Gravitational Waves: Novel Detection Source Found in Dying Stars’ Debris Clouds

Jet emissions from collapsed stars penetrate clouds of stellar remnants. Credit: Ore Gottlieb/CIERA/Northwestern University

Historically, detection of gravitational waves has been limited to binary systems, involving the fusion of either two black holes, two neutron stars, or a combination of the two. The theory suggests the possibility of detecting these waves from a singular, non-binary source, however, no such signals have been found yet.

A team of researchers at Northwestern University have suggested a new, unexplored potential source of these elusive signals: the turbulent and energetic debris clouds that envelop dying, massive stars.

Utilizing advanced simulation technologies for the first time, the researchers have demonstrated that these stellar debris clouds, or cocoons, can produce gravitational waves. Moreover, unlike gamma-ray burst jets, these waves from cocoons fall within the frequency band that the Laser Interferometer Gravitational-Wave Observatory (LIGO) can detect.

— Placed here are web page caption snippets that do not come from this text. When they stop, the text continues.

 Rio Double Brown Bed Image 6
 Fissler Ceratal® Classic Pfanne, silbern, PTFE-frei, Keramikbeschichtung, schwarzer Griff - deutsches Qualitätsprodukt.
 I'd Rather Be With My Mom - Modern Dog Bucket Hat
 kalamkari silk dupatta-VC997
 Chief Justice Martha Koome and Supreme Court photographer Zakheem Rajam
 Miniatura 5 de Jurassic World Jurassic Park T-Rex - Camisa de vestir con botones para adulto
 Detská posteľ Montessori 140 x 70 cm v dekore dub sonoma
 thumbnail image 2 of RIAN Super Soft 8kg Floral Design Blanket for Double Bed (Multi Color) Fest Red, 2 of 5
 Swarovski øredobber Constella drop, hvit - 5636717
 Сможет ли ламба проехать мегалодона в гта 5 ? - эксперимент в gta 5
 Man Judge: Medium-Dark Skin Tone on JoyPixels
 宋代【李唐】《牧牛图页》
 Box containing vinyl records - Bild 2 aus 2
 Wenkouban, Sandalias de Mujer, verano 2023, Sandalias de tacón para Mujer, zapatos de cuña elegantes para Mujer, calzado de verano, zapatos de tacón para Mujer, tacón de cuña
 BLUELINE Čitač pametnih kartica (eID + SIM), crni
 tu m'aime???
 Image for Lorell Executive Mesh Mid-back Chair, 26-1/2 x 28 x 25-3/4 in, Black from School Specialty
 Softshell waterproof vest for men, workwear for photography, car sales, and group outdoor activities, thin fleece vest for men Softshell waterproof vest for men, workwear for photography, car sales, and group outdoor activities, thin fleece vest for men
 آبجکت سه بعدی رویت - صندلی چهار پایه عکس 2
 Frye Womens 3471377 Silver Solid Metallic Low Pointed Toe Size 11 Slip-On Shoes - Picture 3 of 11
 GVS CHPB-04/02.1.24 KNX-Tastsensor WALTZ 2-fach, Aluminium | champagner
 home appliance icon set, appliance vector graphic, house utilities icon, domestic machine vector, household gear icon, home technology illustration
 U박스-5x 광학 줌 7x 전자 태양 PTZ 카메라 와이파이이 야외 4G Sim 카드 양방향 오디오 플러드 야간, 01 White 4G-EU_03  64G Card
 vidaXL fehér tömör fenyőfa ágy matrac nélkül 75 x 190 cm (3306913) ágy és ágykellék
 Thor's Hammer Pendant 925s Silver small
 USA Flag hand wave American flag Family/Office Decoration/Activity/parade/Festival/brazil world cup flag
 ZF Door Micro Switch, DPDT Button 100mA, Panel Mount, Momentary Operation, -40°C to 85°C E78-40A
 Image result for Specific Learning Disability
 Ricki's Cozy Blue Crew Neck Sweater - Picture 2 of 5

“Up until now, LIGO has only identified gravitational waves from binary systems. However, we believe it will eventually detect the first non-binary source,” said the study’s lead, Ore Gottlieb of Northwestern University. “We suggest cocoons as the primary location to search for this kind of source.”

The study findings were recently presented by Gottlieb during a virtual press briefing at the 242nd meeting of the American Astronomical Society.

The new source was ‘unavoidable’

The research, led by Gottlieb, involved state-of-the-art simulations to model the collapse of a massive star. When these stars collapse into black holes, they often trigger the release of high-speed particle outflows or jets. Gottlieb’s simulations imitated this process from the moment of star collapse to the jet escape.

Initially, the focus was on determining if the accretion disk forming around a black hole could emit detectable gravitational waves. However, Gottlieb continually observed an unexpected result.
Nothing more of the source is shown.